A low-pressure gas is first introduced into the closed vessel 1 through the suction pipe 11 and then into the compression mechanism 2. An orbiting motion of the orbiting scroll 2b relative to the non-orbiting scroll 29 compresses the low-pressure suction gas into a high-pressure gas, which is in turn introduced into the discharge chamber 15. The high-pressure gas thus obtained is discharged to the outside of the closed vessel 1 through the discharge pipe 16 to operate a working part. Upon operation of the working part, the high-pressure gas is turned into a low-pressure gas, which is returned back to the suction pipe 11, thus forming a known compression cycle.

On the other hand, lubricating oil 9 sucked up by the oil guide 14 moves upwardly along the through-hole 13 defined in the crank shaft 5, and lubricates and cools the auxiliary bearing 23, the eccentric bearing 6, the thrust bearing 3, and the main bearing 8. Thereafter, the lubricating oil 9 is discharged above the stator 7b through the oil discharge conduit 12 and is eventually returned back to the oil storage portion 10 through a groove 18 defined in the stator 7b, thus forming a known lubrication cycle.

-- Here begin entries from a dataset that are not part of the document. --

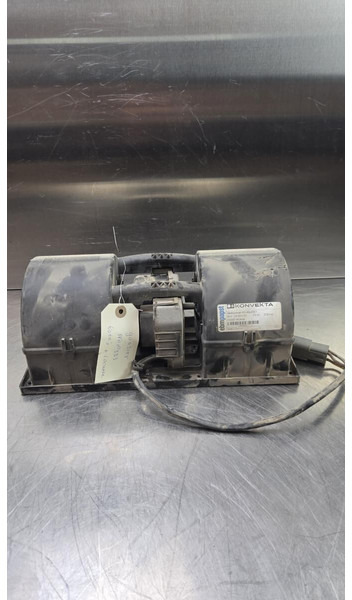 Liebherr Blower - Ventilador de habitáculo: foto 1 Liebherr Blower - Ventilador de habitáculo: foto 1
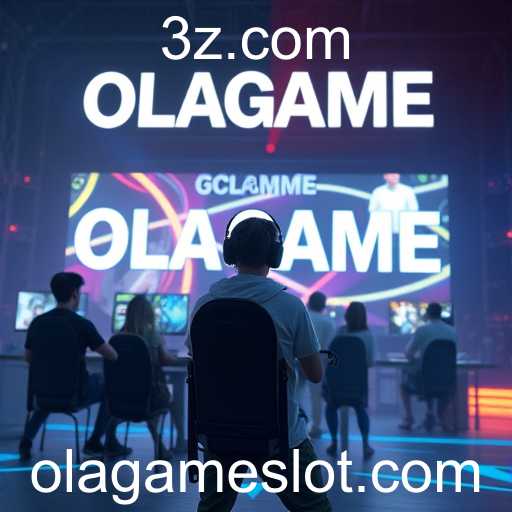 Novidades Emocionantes no Mundo dos Games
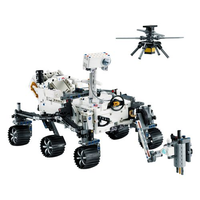 LEGO® Technic - NASA Mars Rover Perseverance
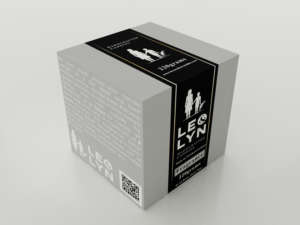 Packaging Design by Your_Design for this project | Design: #24804075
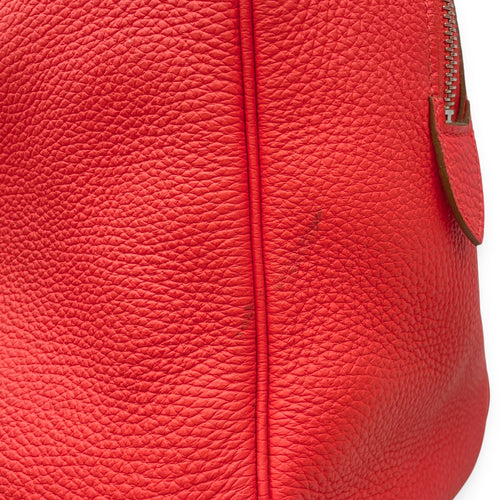 Victoria 35 Rose Jaipur in Clemence, Palladium hardware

In general, the refrigerant gas contains chlorine, while the lubricating oil 9 is based on mineral oil. This combination enhances the lubricating properties.

It is known that the compression efficiency is enhanced by reducing leakage of compressed gas at the free ends of the non-orbiting and orbiting scroll wraps.

Anderson et al. (U.S. Pat. No. 5,156,539) discloses a scroll machine having an axially movable non-orbiting scroll. The non-orbiting scroll has a plurality of circumferentially spaced mounting bosses each having an axial bore in which a sleeve bolted to a main bearing housing is slidably disposed.

Japanese Laid-Open Patent Publication (unexamined) No. 4-314986 discloses a closed scroll compressor having an axial compliance mechanism for axially and radially biasing an orbiting scroll against a non-orbiting scroll. The non-orbiting scroll has a frame and an end plate axially movably mounted on the frame by a couple of pins, while the orbiting scroll has a drive plate and an end plate axially movably mounted on the drive plate by a couple of pins.

In each of the above-described constructions, if the non-orbiting scroll is not allowed to axially smoothly move relative to the orbiting scroll without creating any axial gap between the non-orbiting and orbiting scroll wraps, there occurs much leakage of compressed gas, which in turn results in an increase in temperature inside the compressor, thus damaging the compressor.

Furthermore, in order to obtain a desired performance, it is necessary to assemble the non-orbiting and orbiting scrolls with a predetermined phase difference held therebetween. During a compression stroke, if this phase difference and an orbiting radius are not maintained unchanged and if the compression mechanism cannot be readily assembled, an efficient and inexpensive scroll compressor allowing a smooth axial movement of the non-orbiting scroll cannot be expected.

Although in the scroll compressor shown in FIG. 4 the non-orbiting scroll 29 is allowed to axially move along the guide posts 30, if the circumferential pitch of the guide posts 30 does not coincide with that of the guide holes 29c of the non-orbiting end plate 29b, the non-orbiting scroll 29 cannot smoothly move in the axial direction. The same is true for the case where even one of the plurality of guide posts 30 is not secured perpendicular to the bearing member 4. In such cases, it takes a lot of time and costs much to assemble the compression mechanism and to machine the surface of the bearing member 4 and the end surfaces of the guide posts 30.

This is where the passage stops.